# ACTION ITEM
Please transcribe, exactly, the line that contains "To Let 3 Bedroom" and every line after it to the end of the records, and nothing else.
[[ THE DATA open ]]
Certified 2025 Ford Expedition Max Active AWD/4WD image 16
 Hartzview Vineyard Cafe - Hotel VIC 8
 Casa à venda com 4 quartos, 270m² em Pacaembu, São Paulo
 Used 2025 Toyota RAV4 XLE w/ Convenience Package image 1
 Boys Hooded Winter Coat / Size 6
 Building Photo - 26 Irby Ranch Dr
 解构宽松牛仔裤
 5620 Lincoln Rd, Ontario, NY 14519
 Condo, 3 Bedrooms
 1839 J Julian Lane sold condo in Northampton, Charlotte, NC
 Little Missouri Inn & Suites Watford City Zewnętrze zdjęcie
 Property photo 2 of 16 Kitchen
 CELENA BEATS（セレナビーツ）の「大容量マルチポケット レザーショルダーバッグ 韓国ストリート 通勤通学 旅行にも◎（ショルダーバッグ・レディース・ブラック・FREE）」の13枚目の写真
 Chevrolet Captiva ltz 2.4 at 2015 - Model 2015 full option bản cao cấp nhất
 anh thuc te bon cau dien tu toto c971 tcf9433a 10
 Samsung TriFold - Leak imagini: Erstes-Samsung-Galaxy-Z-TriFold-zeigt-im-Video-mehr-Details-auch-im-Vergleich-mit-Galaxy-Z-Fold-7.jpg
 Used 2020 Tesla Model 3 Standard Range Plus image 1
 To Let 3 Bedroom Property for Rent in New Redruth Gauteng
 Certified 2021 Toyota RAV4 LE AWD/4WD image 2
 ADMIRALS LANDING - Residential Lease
[[ THE DATA closed ]]
# RESPONSE FOR THIS EXERCISE
 To Let 3 Bedroom Property for Rent in New Redruth Gauteng
 Certified 2021 Toyota RAV4 LE AWD/4WD image 2
 ADMIRALS LANDING - Residential Lease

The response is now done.